Section 377 based on Britain's Buggery Act of 1533: SC
The Supreme Court, which unanimously struck down part of the British-era law that criminalized gay sex, has traced the history of the 158-year-old provision in its judgment back to the reign of King Henry VIII in 1533. Justices Nariman and Chandrachud, in their separate concurring judgments, dealt in detail about the evolution of Section 377 as it exists in the present form. Here's more.
Gay sex legal in India
A five-judge constitution bench comprising Chief Justice Dipak Misra, Justices RF Nariman, AM Khanwilkar, DY Chandrachud, and Indu Malhotra said that the Section 377 of the Indian Penal Code (IPC) violated the constitutional right to equality and dignity.
Tracing the history of Section 377 of IPC
Justice Nariman said Section 377 was modeled on Britain's Buggery Act of 1533 which was brought in by the then King Henry VIII which prohibited "the detestable and abominable offense" of buggery (anal intercourse) committed with mankind or beast. The word "buggery" is derived from the old French word 'bougre' and was taken to mean anal intercourse, Justice Chandrachud said in his judgment.
Henry VIII made the offense of buggery punishable by death
"The Buggery Act, 1533, which was enacted by Henry VIII, made the offense of buggery punishable by death and continued to exist for nearly 300 years before it was repealed and replaced by the Offenses against the Person Act, 1828," Justice Chandrachud said. "Buggery, however, remained a capital offense in England until 1861, one year after the enactment of the IPC," he said.
Law against homosexuality in British colonies
Justice Chandrachud said that Section 377 was allowed to operate in Independent India as under Article 372 (1), "all laws in force prior to the commencement of the Constitution shall continue to be in force until altered or repealed." Justice Nariman said 8,921 men were indicted between 1806 and 1900 for "sodomy, gross indecency or other unnatural misdemeanors" in England and Wales.
Section 377 under the rule of East India Comany
Referring to the rule of East India Company in the country, Justice Nariman said the then Parliament had established the Indian Law Commission and in 1833, Thomas Babington Macaulay was appointed as its head. Justice Nariman wrote that Lord Macaulay's draft was different for Section 377 and he had recognized a lesser sentence for the crime of "unnatural lust" if performed with consent.
The enactment of Penal Code Draft
After several reviews of the draft, the Commission concluded that the Draft Penal Code was sufficiently complete, and, with slight modifications, fit to be acted upon, said Justice Nariman. The revised edition of the Penal Code was then forwarded to the Judges of the Supreme Court at Calcutta in 1851, and also to the Judges of the Sudder Court at Calcutta.

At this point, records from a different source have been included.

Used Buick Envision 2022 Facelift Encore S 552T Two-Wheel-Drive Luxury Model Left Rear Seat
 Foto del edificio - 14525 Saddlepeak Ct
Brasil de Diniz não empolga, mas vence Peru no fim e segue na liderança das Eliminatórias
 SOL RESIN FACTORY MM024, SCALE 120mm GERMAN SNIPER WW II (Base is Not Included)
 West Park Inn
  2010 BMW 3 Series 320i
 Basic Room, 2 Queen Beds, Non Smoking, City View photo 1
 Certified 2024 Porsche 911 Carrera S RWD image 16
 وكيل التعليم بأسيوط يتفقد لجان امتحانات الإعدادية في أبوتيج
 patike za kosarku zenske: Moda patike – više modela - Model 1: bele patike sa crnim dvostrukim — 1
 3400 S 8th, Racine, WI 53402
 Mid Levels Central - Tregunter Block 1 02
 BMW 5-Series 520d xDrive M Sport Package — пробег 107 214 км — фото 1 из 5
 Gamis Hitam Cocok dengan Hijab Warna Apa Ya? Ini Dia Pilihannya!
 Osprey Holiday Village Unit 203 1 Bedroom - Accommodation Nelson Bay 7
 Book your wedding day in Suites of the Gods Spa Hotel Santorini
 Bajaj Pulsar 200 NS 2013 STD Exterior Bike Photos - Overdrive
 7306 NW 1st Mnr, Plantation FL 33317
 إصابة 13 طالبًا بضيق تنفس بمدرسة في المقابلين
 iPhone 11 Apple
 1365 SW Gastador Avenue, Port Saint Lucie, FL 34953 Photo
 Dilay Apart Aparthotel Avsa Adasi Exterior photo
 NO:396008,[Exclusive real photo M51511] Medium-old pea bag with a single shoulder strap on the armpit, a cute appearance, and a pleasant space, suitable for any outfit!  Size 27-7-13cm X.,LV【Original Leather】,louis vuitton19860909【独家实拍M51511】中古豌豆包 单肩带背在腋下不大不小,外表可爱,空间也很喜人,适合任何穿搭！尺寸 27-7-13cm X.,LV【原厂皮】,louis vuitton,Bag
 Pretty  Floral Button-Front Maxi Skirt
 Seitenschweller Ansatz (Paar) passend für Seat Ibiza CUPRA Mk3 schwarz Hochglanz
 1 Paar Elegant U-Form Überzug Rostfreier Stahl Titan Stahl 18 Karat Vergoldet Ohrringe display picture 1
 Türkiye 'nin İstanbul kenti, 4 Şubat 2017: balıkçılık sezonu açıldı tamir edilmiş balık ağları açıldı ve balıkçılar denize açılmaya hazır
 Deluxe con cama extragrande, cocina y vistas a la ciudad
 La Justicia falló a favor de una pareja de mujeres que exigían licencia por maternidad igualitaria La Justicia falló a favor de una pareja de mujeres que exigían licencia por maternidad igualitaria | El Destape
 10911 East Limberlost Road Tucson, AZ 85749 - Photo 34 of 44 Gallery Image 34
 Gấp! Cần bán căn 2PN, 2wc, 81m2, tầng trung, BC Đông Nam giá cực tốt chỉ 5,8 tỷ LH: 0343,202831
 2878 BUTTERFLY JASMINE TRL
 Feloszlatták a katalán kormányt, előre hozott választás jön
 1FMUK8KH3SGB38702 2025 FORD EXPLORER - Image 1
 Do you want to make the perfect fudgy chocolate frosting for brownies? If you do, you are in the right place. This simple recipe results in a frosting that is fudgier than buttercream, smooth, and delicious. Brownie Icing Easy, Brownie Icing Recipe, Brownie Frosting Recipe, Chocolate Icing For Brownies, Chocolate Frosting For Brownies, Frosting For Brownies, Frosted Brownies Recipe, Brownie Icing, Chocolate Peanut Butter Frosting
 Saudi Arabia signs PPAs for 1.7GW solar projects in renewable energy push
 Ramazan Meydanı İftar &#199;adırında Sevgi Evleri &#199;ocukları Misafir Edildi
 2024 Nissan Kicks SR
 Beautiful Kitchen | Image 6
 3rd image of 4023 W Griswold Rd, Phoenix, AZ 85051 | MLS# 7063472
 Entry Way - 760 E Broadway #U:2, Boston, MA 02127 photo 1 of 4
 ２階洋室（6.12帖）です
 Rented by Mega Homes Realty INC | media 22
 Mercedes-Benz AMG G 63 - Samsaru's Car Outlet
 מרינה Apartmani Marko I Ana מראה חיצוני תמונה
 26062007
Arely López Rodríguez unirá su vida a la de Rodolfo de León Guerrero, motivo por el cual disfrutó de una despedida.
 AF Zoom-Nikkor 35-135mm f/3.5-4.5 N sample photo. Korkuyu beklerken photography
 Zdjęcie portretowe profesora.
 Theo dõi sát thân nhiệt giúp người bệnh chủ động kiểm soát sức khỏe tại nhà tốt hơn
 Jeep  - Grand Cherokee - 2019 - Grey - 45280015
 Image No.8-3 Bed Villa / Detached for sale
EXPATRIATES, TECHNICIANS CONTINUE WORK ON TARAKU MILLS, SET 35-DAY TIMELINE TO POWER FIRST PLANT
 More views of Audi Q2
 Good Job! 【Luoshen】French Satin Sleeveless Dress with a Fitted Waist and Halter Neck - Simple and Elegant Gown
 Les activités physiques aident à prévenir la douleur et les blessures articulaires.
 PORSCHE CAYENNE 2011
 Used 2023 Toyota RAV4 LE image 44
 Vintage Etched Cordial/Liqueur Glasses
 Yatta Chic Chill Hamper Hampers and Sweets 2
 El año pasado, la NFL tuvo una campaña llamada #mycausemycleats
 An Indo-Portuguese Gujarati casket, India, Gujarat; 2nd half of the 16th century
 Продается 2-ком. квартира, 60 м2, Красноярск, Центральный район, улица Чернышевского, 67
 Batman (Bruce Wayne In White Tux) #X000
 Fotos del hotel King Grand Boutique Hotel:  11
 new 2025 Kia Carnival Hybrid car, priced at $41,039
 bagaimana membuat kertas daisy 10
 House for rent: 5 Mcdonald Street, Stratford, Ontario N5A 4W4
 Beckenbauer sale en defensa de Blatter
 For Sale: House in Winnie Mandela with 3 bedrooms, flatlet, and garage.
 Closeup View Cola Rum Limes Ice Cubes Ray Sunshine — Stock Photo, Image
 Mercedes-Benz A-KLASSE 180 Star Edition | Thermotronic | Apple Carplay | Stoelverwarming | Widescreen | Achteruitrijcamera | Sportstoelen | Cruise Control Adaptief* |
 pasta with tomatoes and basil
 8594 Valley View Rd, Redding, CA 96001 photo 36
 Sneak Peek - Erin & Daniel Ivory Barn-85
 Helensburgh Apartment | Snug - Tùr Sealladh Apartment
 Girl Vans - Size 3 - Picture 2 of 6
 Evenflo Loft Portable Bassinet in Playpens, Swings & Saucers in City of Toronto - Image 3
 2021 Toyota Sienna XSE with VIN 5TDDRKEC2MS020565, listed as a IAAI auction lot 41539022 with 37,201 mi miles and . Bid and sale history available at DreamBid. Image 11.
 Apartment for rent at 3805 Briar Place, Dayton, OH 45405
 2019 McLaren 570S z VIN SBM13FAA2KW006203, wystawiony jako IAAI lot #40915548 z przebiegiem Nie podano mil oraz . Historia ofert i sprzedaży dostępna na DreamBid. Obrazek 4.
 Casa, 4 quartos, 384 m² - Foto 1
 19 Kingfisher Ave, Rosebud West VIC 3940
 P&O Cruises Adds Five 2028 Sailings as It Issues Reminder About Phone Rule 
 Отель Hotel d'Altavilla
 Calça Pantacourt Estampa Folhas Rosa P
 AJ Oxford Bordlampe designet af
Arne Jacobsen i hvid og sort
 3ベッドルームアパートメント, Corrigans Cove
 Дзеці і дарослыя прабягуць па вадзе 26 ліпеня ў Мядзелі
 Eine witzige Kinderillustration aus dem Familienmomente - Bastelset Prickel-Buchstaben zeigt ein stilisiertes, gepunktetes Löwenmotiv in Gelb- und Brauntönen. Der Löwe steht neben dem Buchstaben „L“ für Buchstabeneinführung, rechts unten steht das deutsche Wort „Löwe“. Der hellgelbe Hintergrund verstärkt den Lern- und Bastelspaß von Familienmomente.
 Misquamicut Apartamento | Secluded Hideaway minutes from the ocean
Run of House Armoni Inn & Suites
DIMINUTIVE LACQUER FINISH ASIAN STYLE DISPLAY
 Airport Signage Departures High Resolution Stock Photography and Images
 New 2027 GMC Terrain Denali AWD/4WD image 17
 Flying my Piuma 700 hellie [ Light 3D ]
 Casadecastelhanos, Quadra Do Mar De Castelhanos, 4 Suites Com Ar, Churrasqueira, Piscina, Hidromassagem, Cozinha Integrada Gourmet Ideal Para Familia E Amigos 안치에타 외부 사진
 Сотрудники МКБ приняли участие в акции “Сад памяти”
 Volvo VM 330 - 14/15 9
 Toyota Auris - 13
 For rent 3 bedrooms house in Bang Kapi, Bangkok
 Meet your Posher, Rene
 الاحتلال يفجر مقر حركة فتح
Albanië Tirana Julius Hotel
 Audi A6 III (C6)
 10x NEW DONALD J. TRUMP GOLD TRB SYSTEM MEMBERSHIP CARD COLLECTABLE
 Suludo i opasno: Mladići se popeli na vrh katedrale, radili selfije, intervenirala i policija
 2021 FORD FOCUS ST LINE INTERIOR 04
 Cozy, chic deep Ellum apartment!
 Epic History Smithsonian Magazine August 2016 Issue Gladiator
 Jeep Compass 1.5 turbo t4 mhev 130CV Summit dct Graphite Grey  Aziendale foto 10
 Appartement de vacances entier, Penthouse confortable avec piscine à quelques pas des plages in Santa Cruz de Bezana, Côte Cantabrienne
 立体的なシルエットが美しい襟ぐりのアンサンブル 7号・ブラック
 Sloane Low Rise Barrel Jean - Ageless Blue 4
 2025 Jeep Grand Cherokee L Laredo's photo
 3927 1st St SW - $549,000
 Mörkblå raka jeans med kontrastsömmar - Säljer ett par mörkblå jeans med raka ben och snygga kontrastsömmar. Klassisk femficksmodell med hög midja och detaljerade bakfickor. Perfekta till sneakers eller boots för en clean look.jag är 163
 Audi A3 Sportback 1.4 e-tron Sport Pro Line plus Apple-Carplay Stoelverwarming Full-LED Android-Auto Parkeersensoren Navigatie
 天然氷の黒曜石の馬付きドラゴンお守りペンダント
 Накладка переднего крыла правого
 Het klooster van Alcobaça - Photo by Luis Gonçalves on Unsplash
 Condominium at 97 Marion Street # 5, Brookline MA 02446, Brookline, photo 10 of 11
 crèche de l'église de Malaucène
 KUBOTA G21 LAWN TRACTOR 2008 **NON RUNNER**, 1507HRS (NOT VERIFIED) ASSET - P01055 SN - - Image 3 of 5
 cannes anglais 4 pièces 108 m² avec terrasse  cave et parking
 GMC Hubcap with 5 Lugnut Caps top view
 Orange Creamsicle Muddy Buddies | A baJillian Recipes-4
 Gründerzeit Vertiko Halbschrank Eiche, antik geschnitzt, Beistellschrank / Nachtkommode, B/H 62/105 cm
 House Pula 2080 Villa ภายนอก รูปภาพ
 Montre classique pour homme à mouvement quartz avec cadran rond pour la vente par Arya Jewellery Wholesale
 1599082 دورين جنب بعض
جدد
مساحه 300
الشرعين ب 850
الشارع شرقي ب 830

Committee of Peacock's draft equivalent of Section 377 for enactment
"A Council was formed with Bethune (the Legislative member of the Legislative Council of India), Chief Justice of the Supreme Court at Calcutta, Justice Buller, Justice Colvile, Sir Barnes Peacock as members to review the Penal Code," Justice Nariman wrote his 96-page judgment. It was the Committee of Peacock which finally sent the draft equivalent of Section 377 for enactment, said Justice Nariman.
Indian Penal Code
After 25 years of revision, IPC entered into force on January 1, 1862. The IPC was the first codified criminal code in the British Empire.